Thorpe tested positive for testosterone. The Aussies kept it secret but l'Equipe, the French newspaper found out, and printed a story. The Australians let him off just like the Spanish let Contador off. I think swimming's governing body pursued it in CAS for a while but eventually dropped it.


----------



## rook (Apr 5, 2009)

trailrunner68 said:


> Thorpe tested positive for testosterone. The Aussies kept it secret but l'Equipe, the French newspaper found out, and printed a story. The Australians let him off just like the Spanish let Contador off. I think swimming's governing body pursued it in CAS for a while but eventually dropped it.

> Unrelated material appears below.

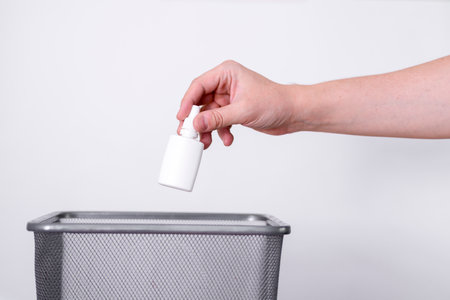 A hand throws a plastic tube into the trash against a gray background. A man's hand throws the tube away.の写真素材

I heard this too. I don't doubt what you are saying and in addition, the alleged use of PEDs in Thorpe's case is strong and in addition to steroids he may have been on EPO as well. There are probably tons of swimmers that are on PEDs. I don't agree, however, that Olympic testing is a joke. UCI testing is a joke.


----------



## trailrunner68 (Apr 23, 2011)

rook said:


> I heard this too. I don't doubt what you are saying and in addition, the alleged use of PEDs in Thorpe's case is strong and in addition to steroids he may have been on EPO as well. There are probably tons of swimmers that are on PEDs. I don't agree, however, that Olympic testing is a joke. UCI testing is a joke.


What the heck could possibly make you think that Olympic testing is better than the UCI's?

The UCI is corrupt for sure, but it is a piker in corruption compared to the IOC.


----------



## rook (Apr 5, 2009)

trailrunner68 said:


> What the heck could possibly make you think that Olympic testing is better than the UCI's?
> 
> The UCI is corrupt for sure, but it is a piker in corruption compared to the IOC.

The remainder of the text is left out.